Fast forward half a century, and we arrive at another juncture in sadly the same state. When Governor McCrory signed House Bill 2 into law this spring, he authorized discrimination against LGBTQ North Carolinians. The legislature slipped this bill under the radar and passed it in record time (ironically, given how long most bills take to pass through most legislatures), and it stripped existing non-discrimination protections away for LGBTQ people, prevented localities from passing new protections, and forced transgender people to use the wrong restroom or else break the law. When the state legislature was scheduled to reconvene, LGBTQ and ally groups staged a massive protest at the capitol and the NAACP staged a sit-in. The struggle captured the attention of Attorney General Loretta Lynch, who compared the anti-LGBTQ House Bill 2 to other civil rights struggles throughout history. “This is not the first time that we have seen discriminatory responses to historic moments of progress for our nation. We saw it in the Jim Crow laws that followed the Emancipation Proclamation. We saw it in fierce and widespread resistance to Brown v. Board of Education. And we saw it in the proliferation of state bans on same-sex unions intended to stifle any hope that gay and lesbian Americans might one day be afforded the right to marry.”

I protested North Carolina in the 21st Century version of protest. I tweeted and I signed digital petitions and I crafted op-eds. I knew that I was one small voice of many, but that together we had the power to sway public opinion and hopefully the law.

It’s no accident that the news of the congressional sit-in is trending on social media. The thousands of people who have taken to the streets in the past weeks to pay honor to those who were slain in that Orlando nightclub want the same reform those inside the Congressional chamber are fighting their counterparts on the other side of the aisle for.
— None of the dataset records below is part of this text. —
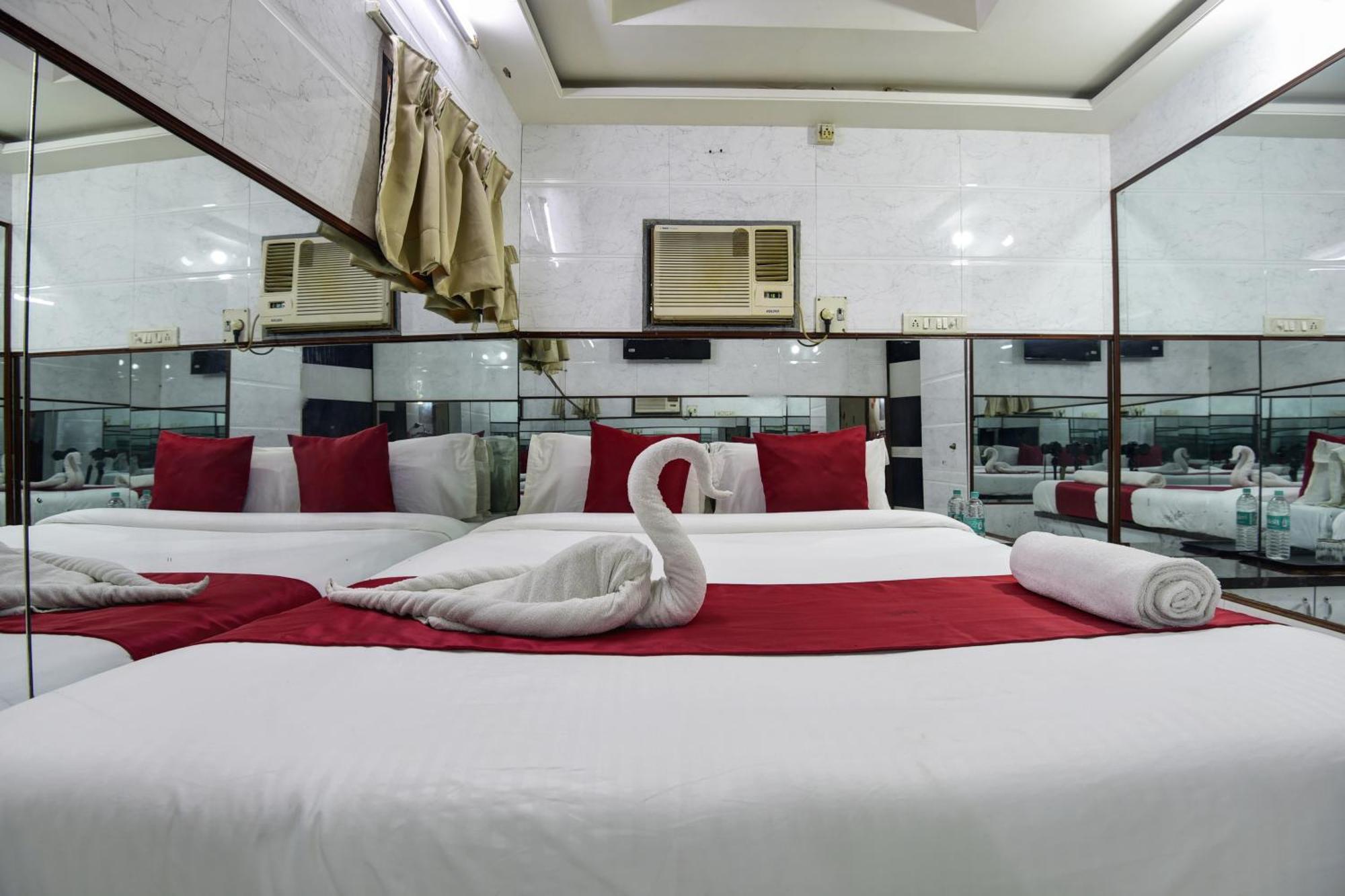 Sun Guest House มุมไบ ภายนอก รูปภาพ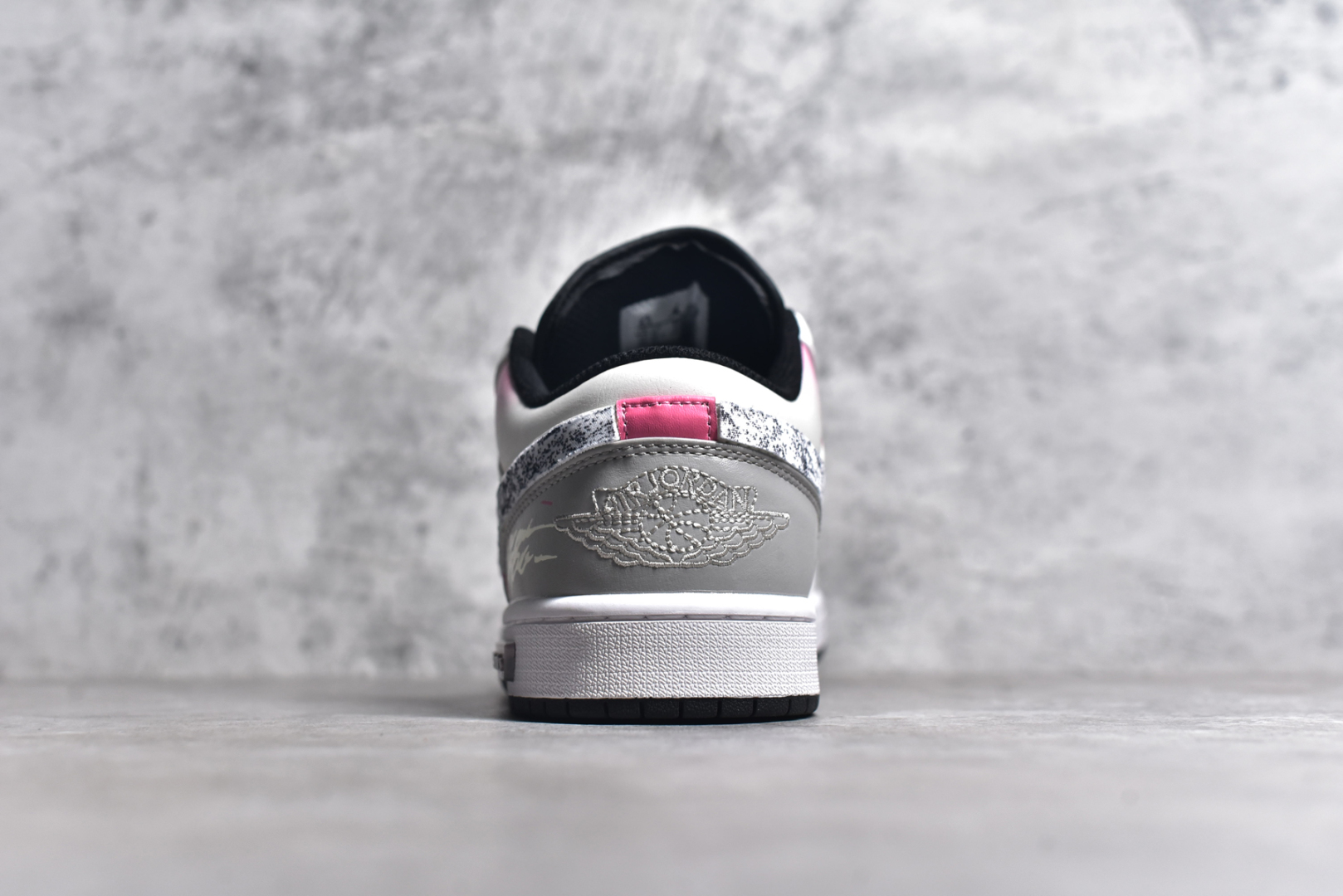 图片[5]-#Air Jordan AJ1 Low 低帮系列定制配色 553558-132 原厂内置气垫魔块 A模大底 头层小牛皮 鞋舌AJ原厂专用牛津布+AJ专用反口珍珠布+原厂无杂质高弹内里海棉+特殊封边弹力鞋带 尺码：36 36.5 37.5 38 38.5 39 40 40.5 41 42 42.5 43 44 44.5 45 46-选品中心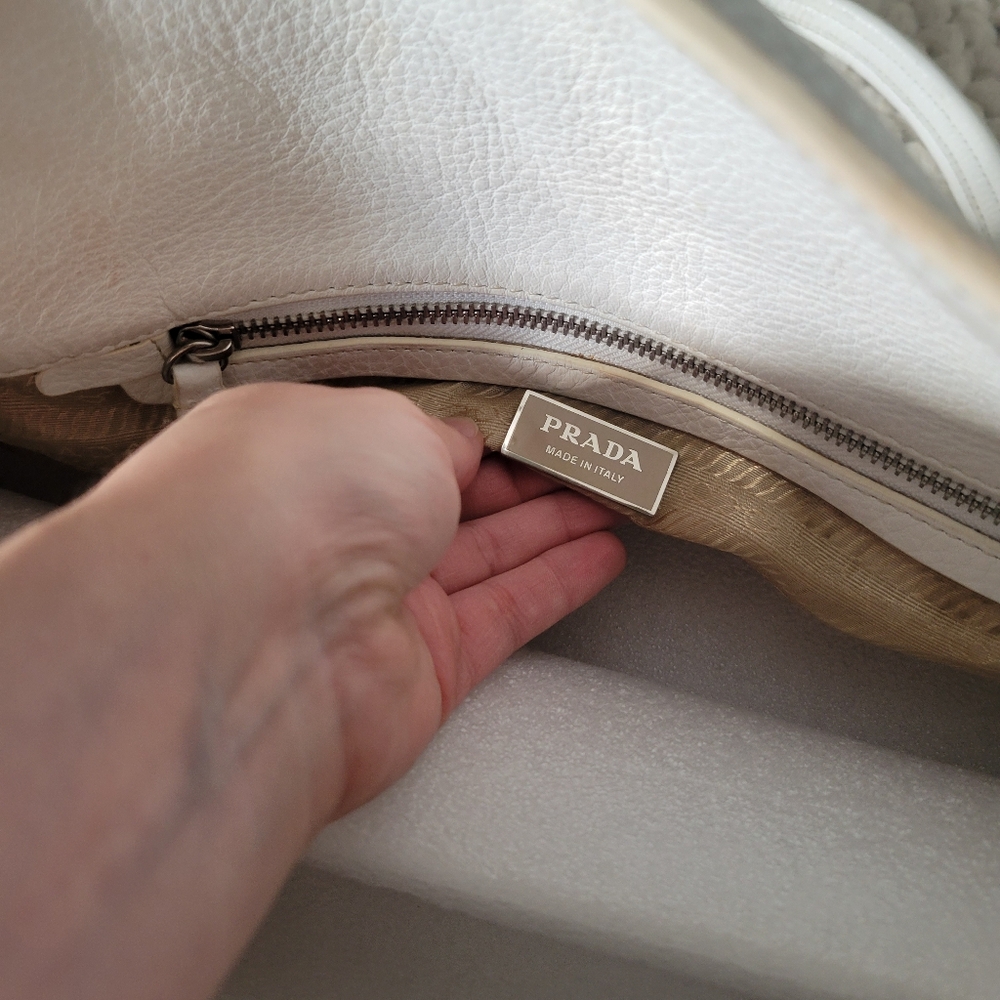 Authentic Prada Daino Bianco Leather Bag Baguette Shoulder Y2k 2000s Vintage - Picture 12 of 15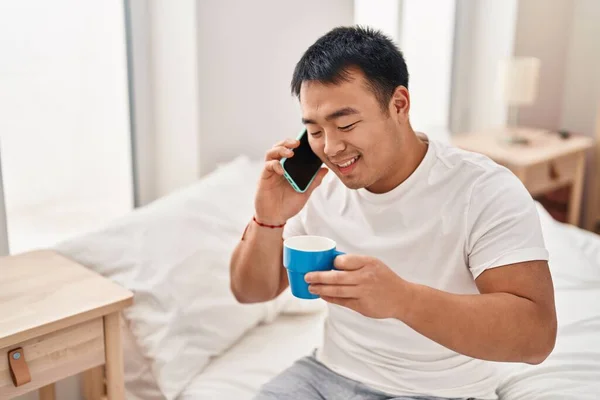 Junger Chinese Unterhält Sich Auf Dem Smartphone Und Trinkt Kaffee — Stockfoto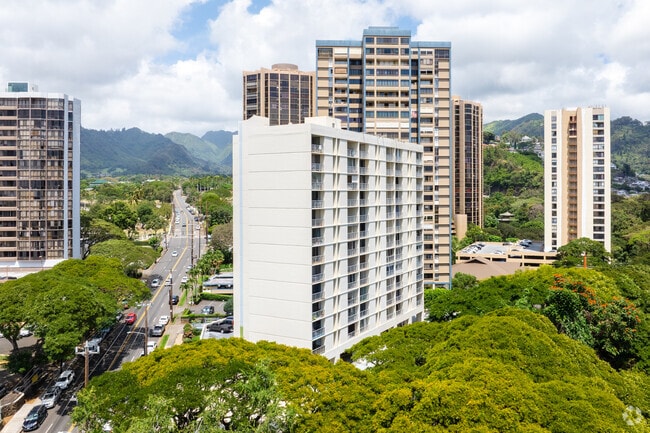 Building Photo - Sakura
And what’s fueling them is the same thing that fueled me and so many others when we took to the streets after the Iraq War. And it’s no accident that Rep. Lewis was the one who facilitated this sit-in in Congress. He used to be the chairman of the Student Nonviolent Coordinating Committee and participated in sit-ins at segregated spaces, including churches, lunch counters and busses in the 1960s.
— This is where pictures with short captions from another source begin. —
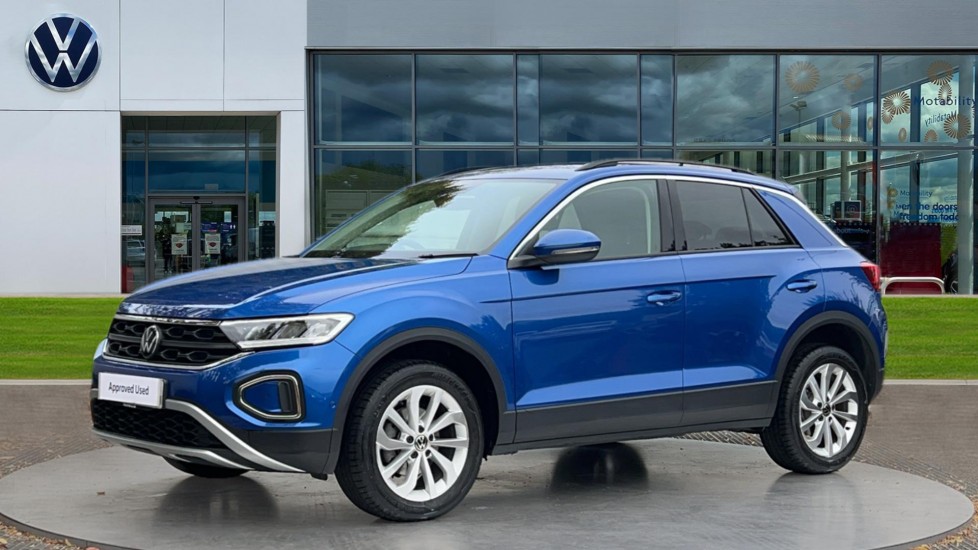 Used Volkswagen T-Roc 2025 for sale - 76176250: Photo 6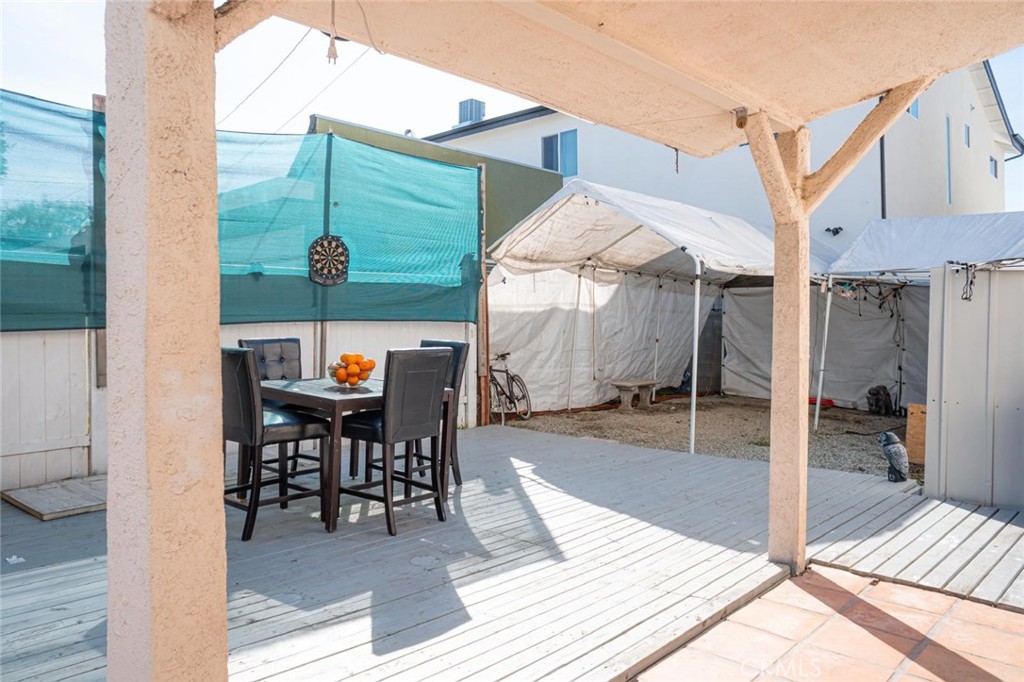 Los Angeles, California, 90061, United States, ,Residential,For Sale,1855356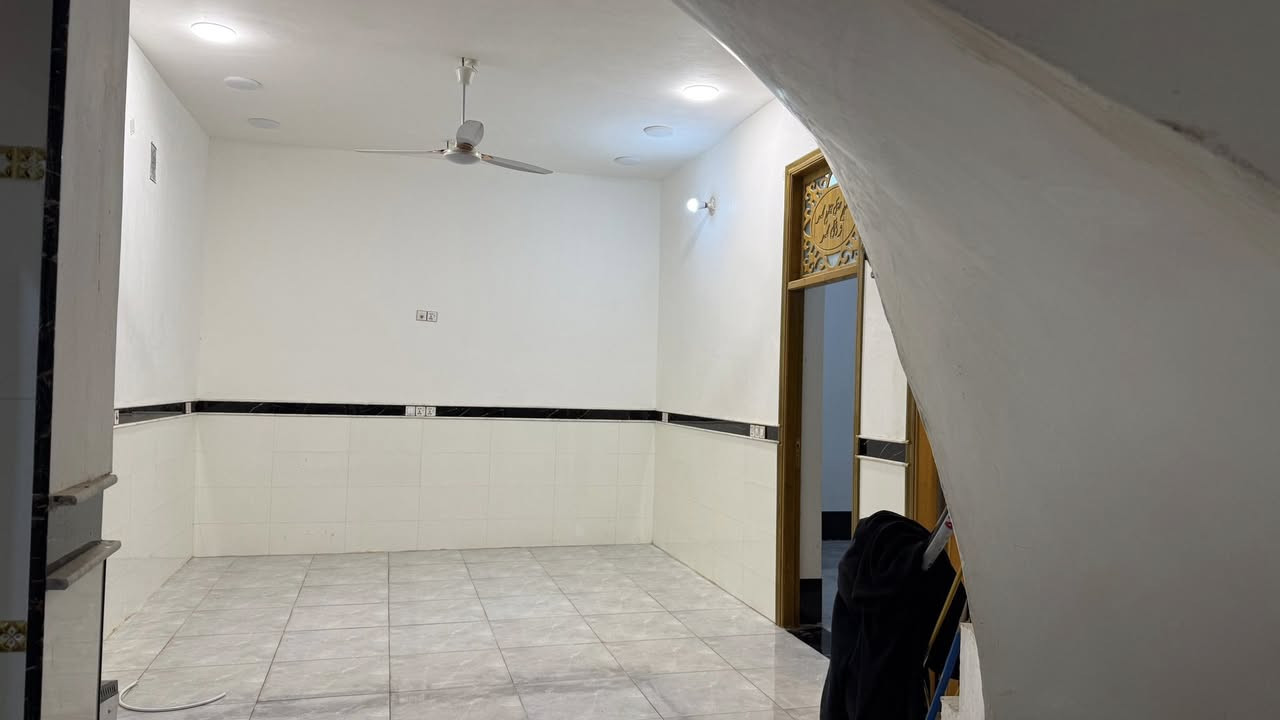 السلام عليكم بيت 🏠 للبيع المساحه 200متر بمجمع حجي حسين مقابيل المستشفى
متكون من غرفتين وصاله ومطبخ واستقبال وصحيات داخله وخارجيه نقص ستاره وسقف بيتونه
للاستفسار والتواصل الإتصال بمكتب السند للعقار عل الأرقام
***********
***********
We don’t know how this momentous occasion will play out or where we’ll land, but we know that House Speaker Paul Ryan got it wrong when he said of the sit-in that, “Democrats can continue to talk, but the reality is that they have no end-game strategy.” His words couldn’t be farther from the truth. The end game is very real and it has already been decided, even if he forces an end to the sit-in or to the vote. Just as the Greensboro lunch counter sit-in in 1960 and the NAACP orchestrated one in North Carolina more recently taught us that speaking up and speaking out are powerful tools for diplomacy and social change, so too this staged sit-in in much more than an act in the political circus. We are witnessing a four-dimensional historic act that our grandchildren will read about in their history books. And this act of defiance, the time our elected officials stood with the people and against the will of the power elite, will most certainly help steer the moral arc in the right direction. And the best part? You can participate and be a part of history.